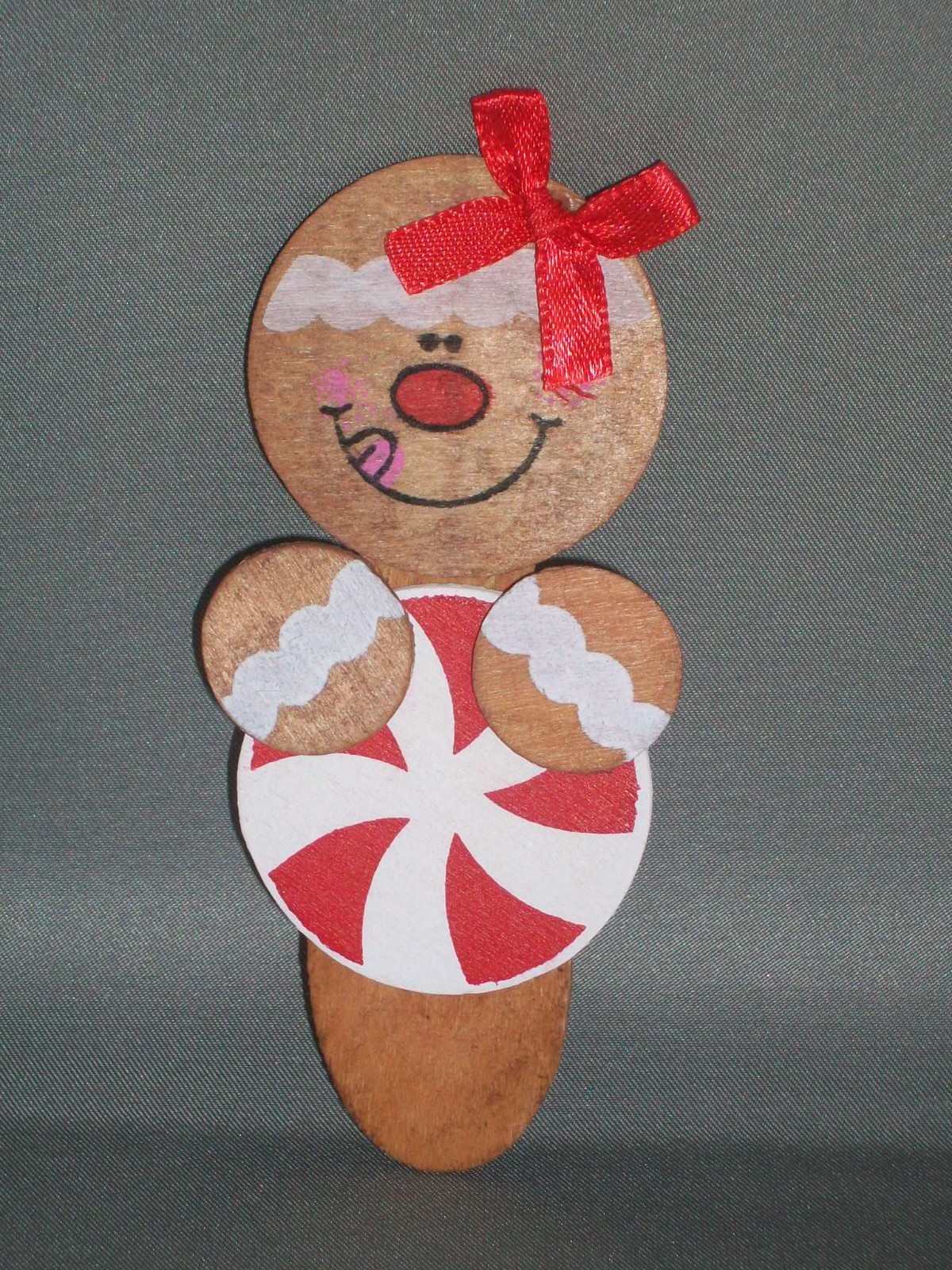HANDMADE Christmas/Holiday Primitive Rustic Country Wood Gingerbread Girl Pin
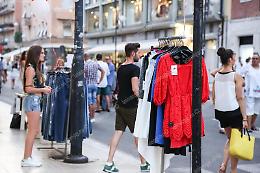 Saldi estivi al via: ecco le regole di Confcommercio per acquisti sicuri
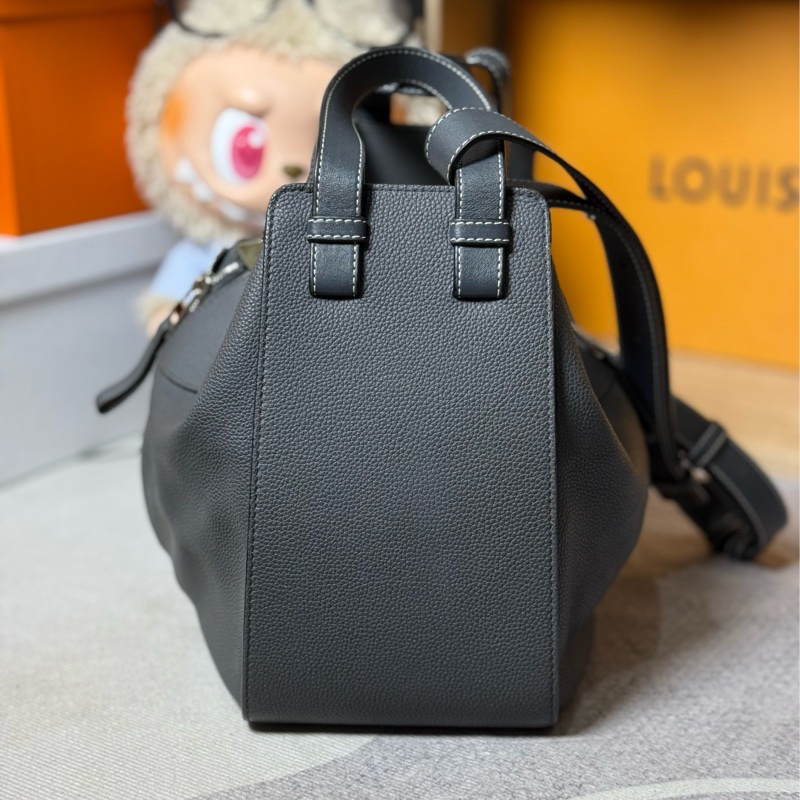 Loewe hammock 吊床包-1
◇ ◇ ◇ ◇ ◇
◆ **Prompt**
In your copy, reproduce the data above exactly and skip every picture.

◆ **Answer below**
HANDMADE Christmas/Holiday Primitive Rustic Country Wood Gingerbread Girl Pin
 Saldi estivi al via: ecco le regole di Confcommercio per acquisti sicuri
 Loewe hammock 吊床包-1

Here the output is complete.